— What the exercise asks —
The expected output is an exact copy of the lines from the one containing "Букет цветов из: Хризантемы в Баксане" to the final line below, minus any pictures.

— Dataset section —
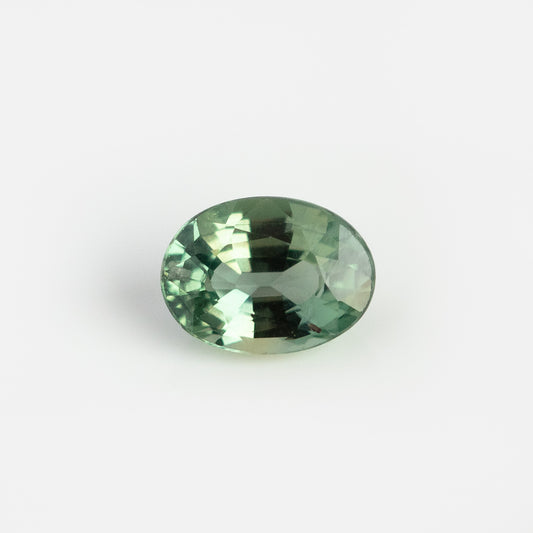 Oval Sage Bicolor Sapphire Loose Gemstone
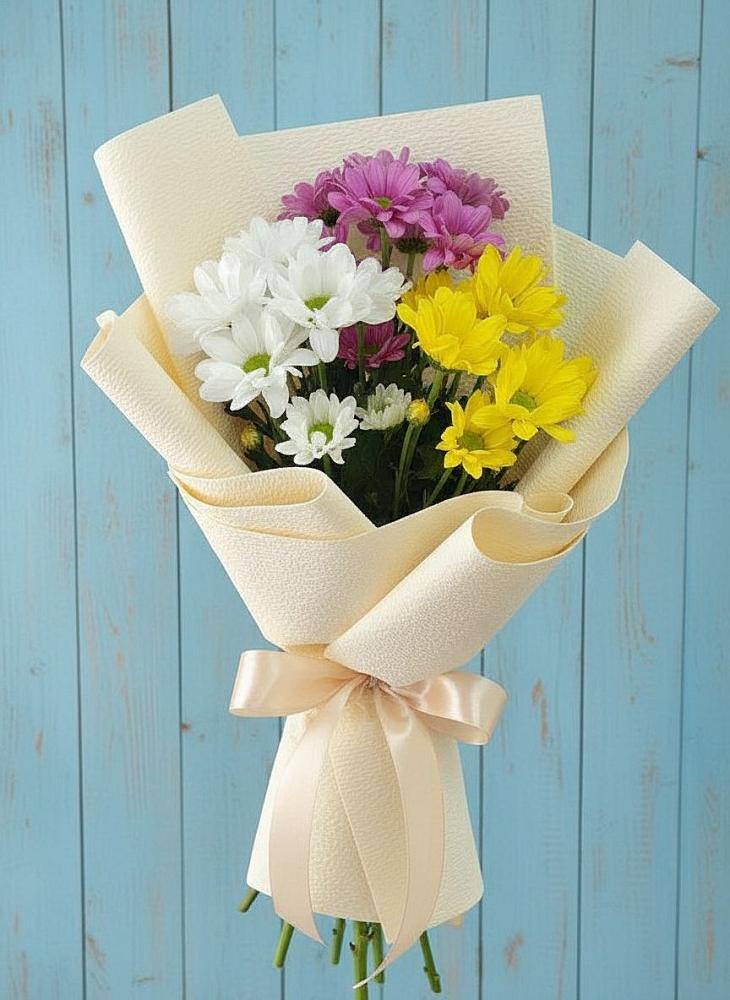 Букет цветов из: Хризантемы в Баксане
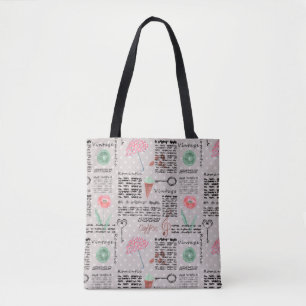 Vintage Zeitungsplanung polka dots stilvolles Retr Tasche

— Answer section —
 Букет цветов из: Хризантемы в Баксане
 Vintage Zeitungsplanung polka dots stilvolles Retr Tasche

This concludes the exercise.